Last year Ned Yost made a move so bold and unexpected that it was universally applauded. He inserted one of his best hitters, Alex Gordon, into the leadoff spot. And it was beautiful. Yost generally manages how you'd expect a 1980's catcher to manage, so as you can imagine, this outside the box creativity was at odds with his conventional nature.
Last night, for some bizarre reason, Yost decided to move Gordon into the third spot for the remainder of the year (unless he slumps, then of course he'll be dropped to sixth). Well we know the reason:
“We knew Gordy wasn’t a prototypical leadoff hitter, but he’s a guy who has high on-base (percentage) and puts the ball in play,” Yost said. “But we also think he’s going to be a run-producer. He doesn’t really get the opportunity to produce runs from the one hole.”
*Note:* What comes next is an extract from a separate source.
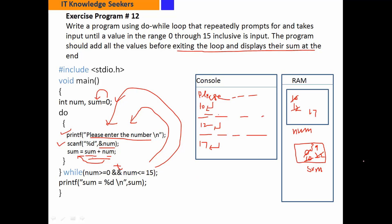Condition false है तो loop से बाहर आएगा। Output statement में लिखा है "sum is equal to %d" — format specifier की जगह argument variable sum की value print होगी जो है 39। ठीक है, इंशाल्लाह यह program भी आपको clear हो गया होगा। Thank you, Allah Hafiz.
By run-producer Yost means RBIs, obviously. It's unfortunately apparent that he's unaware of the role on-base percentage plays in producing runs. Spoiler alert, it's important. My biggest gripe with the move is that to fill one hole he created another. Jarrod Dyson (.330 OBP), Chris Getz (.317) and Lorenzo Cain (.312) will take turns making outs at the top of the lineup. The Royals broadcast crew can name drop Kenny Lofton all they want but that's not going to make Dyson a better hitter. And Getz? Really? I'm glad Yost is comfortable with him batting leadoff but I think it's absurd to even entertain the notion.
The idea that the best hitters should get the most at bats isn't revolutionary or witchcraft, it's common sense, and it's absolutely amazing that a man that has spent decades in pro ball can't grasp such a simple premise.